In traditional snip punctoplasty, a cut through the edge of the punctum is performed. Those cuts are not uniform and are not controlled. Therefore, the canaliculus itself may be damaged. Moreover, the bleeding and subsequent healing may create fibrosis and therefore restenosis. In Kelly punch punctoplasty, a controlled enlargement of the punctum is done with less bleeding and probably less damage to the canaliculus circular structure [15].

In histopathological specimens, in all but four of the cases using Kelly punch punctoplasty, there is no sign for muscle, while in snip punctoplasty, muscle fibres were found in the specimen in 32.9% [18]. Intact Riolan muscle enables the punctum to stay in the right circular shape and position, therefore keeping the lacrimal pump intact.

Literature review shows superior success rates with Kelly punch punctoplasty. Wong et al. reported 94% of anatomical success and 92% functional success [13]. Vahdani et al. reported about 95% of anatomical success and 90% functional success [16]. In our series, 92% of the patients did not develop restenosis, therefor did not need surgery. This series is the third series to support the superiority of Kelly punch punctoplasty as a primary tool for the treatment of punctual stenosis.

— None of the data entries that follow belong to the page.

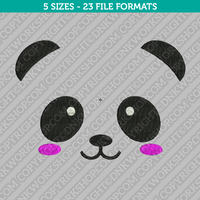 Cute Panda Face Embroidery Design - 5 Sizes - INSTANT DOWNLOAD 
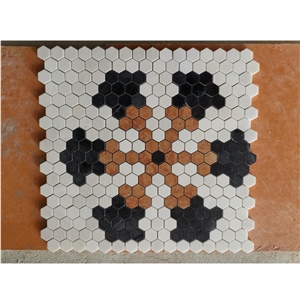 White Natural Mosaic Tiles Floor Wall 10Mm Thickness 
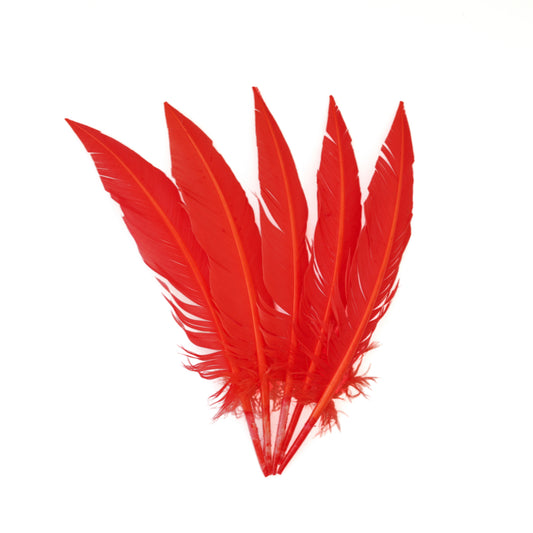Hot Orange Dagger Turkey Quill Feathers 9-12"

In our institution, before using the Kelly punch, we dilated the puncta by a dilator, and then inserted a mini-monoka stent. When shifting to the Kelly method, the rationale was that the stent might be even more important since we are not only dilating an existing opening, but we are dilating by removing tissue, leaving the tissue to heal by scarring. Doing so, we believed that keeping the opening by stenting with mini-monoka would prevent it from adhering in the wrong fashion. However, mini-monoka stenting might not be required.

The drawbacks of this study are its retrospective nature and the absence of a control group. Furthermore, larger, controlled and prospective studies should be done in order to examine this technique. We did not characterize the morphology of the punctum since the specimens removed from the punctum were not the sphincter at whole. Further studies regarding the morphology of the punctum and the role of Riolan muscle in pumping mechanism should be performed. Also, we did not evaluate the procedure with and without mini-monoka placement; further studies should evaluate the benefit of using mini-monoka as part of this procedure.

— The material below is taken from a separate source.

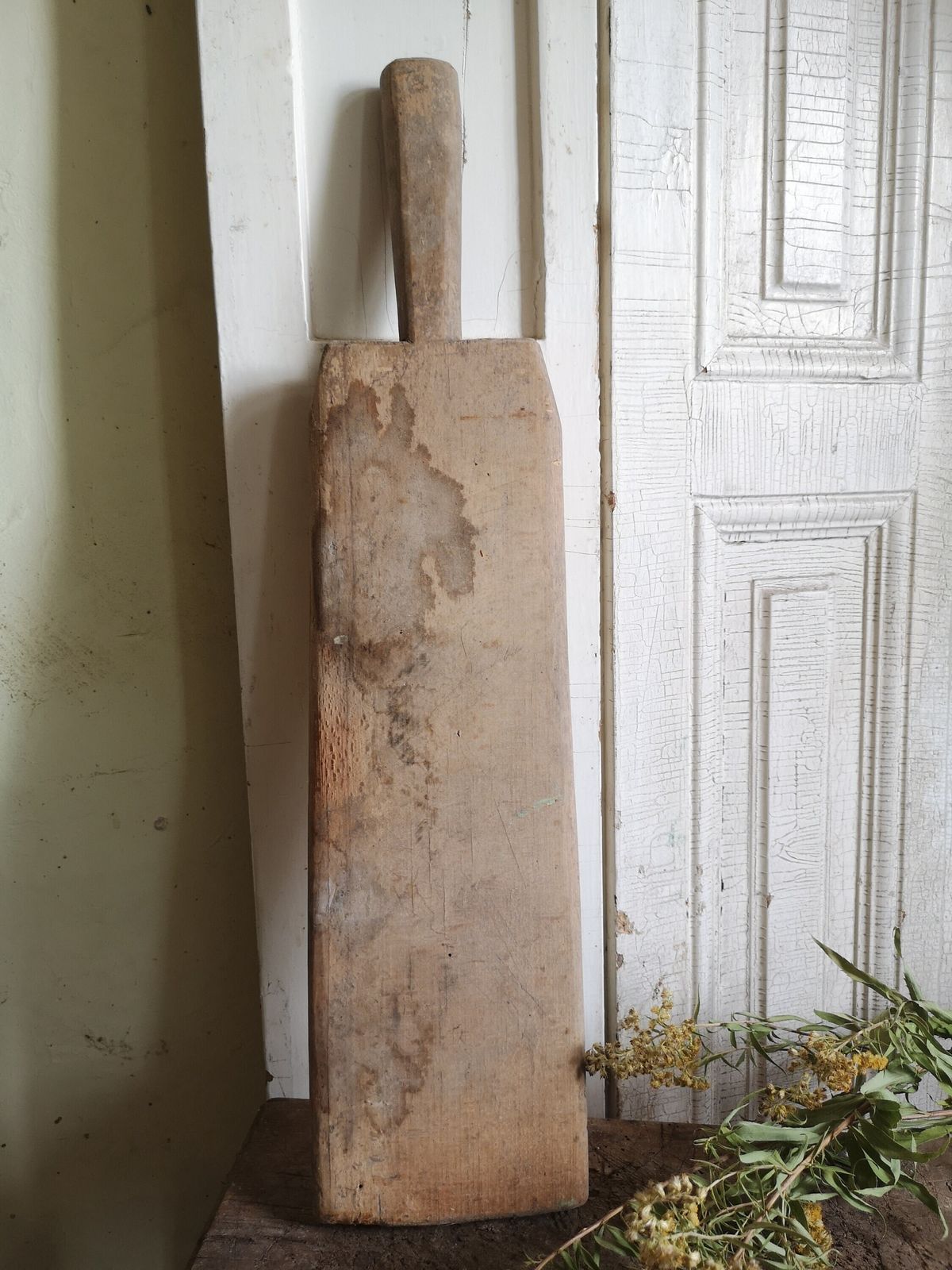 Single Plank Rustic Primitive Wooden Washing Board, Kitchen Block Vintage Beautiful Primitive Decor C1890 Solid Wabi Sabi Salami Block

In conclusion, Kelly punch punctoplasty is a simple and minimally invasive procedure with high functional success rate. It is a controlled procedure with a lower chance of damage to the canaliculus and the muscular structure. We believe that Kelly punch punctoplasty with mini-monoka placement is the best surgical procedure to treat isolated punctual stenosis.

Summary

What was known before

  • Punctal stenosis is a common reason for epiphora—in 2011, Carrim et al. suggested to use Kelly Descemet’s membrane punch for punctoplasty, and since then this procedure became more popular.

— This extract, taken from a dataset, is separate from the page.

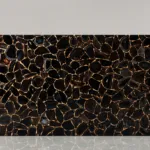 Black diamond agate slab with gold details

  • It is not clear what tissue is severed in snip punctoplasty since no tissue is retrieved for biopsy.

What this study adds

  • Kelly punch punctoplasty is a simple and minimally invasive procedure with high functional success rate.

  • It is a controlled procedure with a lower chance of damage to the canaliculus and the muscular structure.

  • We believe that Kelly punch punctoplasty with mini-monoka placement is the best surgical procedure to treat isolated punctual stenosis.